Extracted records

=== Section Start ===

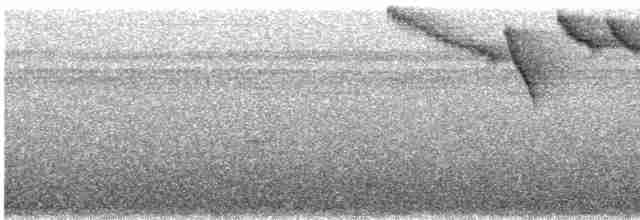 Kupferschattenkolibri - ML172885061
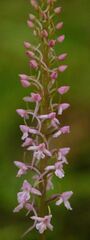 Gymnadenia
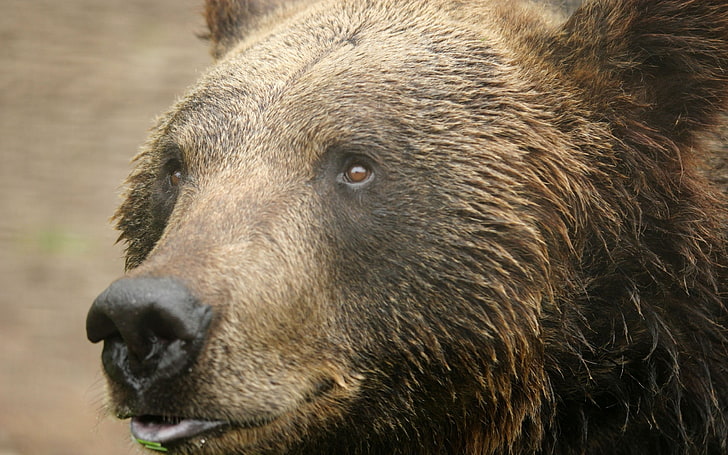 niedźwiedź grizzly, niedźwiedź, twarz, oczy, włosy, Tapety HD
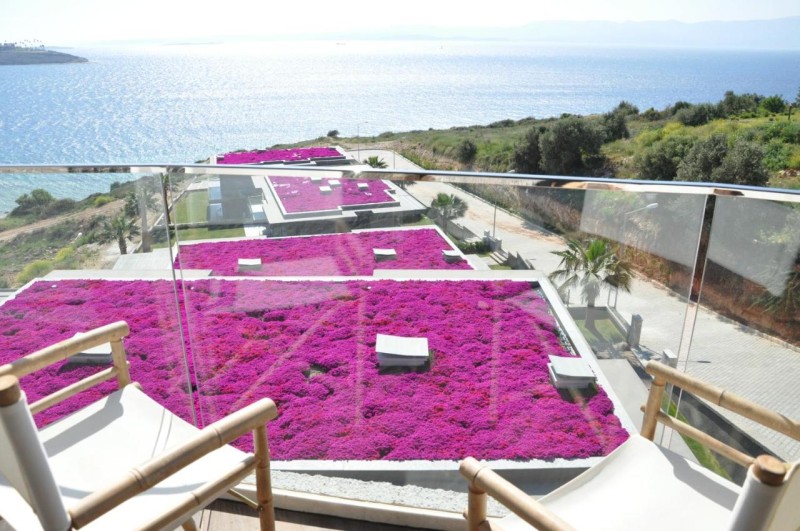 Image: Şato Design Hotel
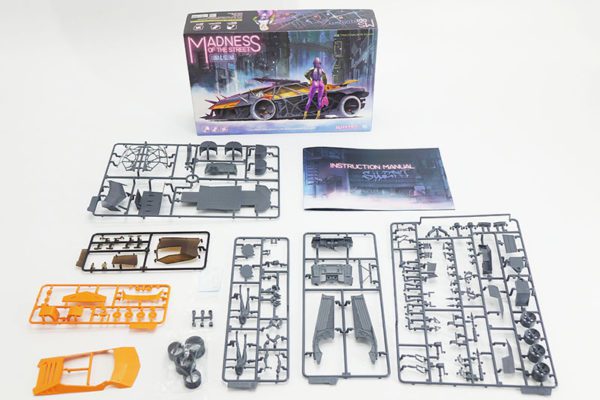 Madness of Street - Luna & Selena 1/32 Model kit 7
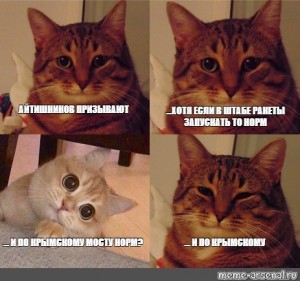 Создать мем: мемы с котами, кот мем, мем котик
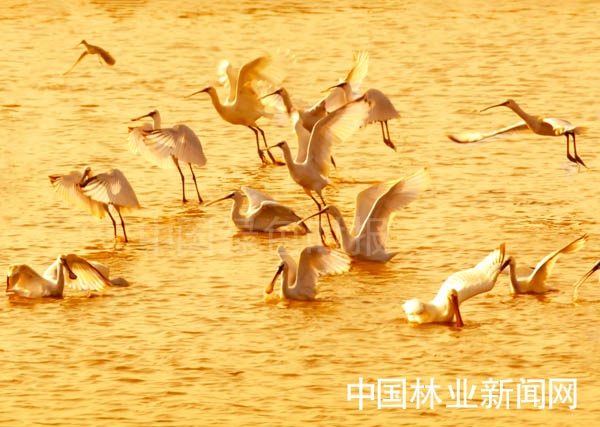 這裡是中國鶴湖升金湖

=== Section End ===

WORK INSTRUCTION: An exact copy is required of the lines from the one holding "Madness of Street" to the end of the entries above, both included; no pictures belong in it.

EXERCISE OUTPUT:
 Madness of Street - Luna & Selena 1/32 Model kit 7
 Создать мем: мемы с котами, кот мем, мем котик
 這裡是中國鶴湖升金湖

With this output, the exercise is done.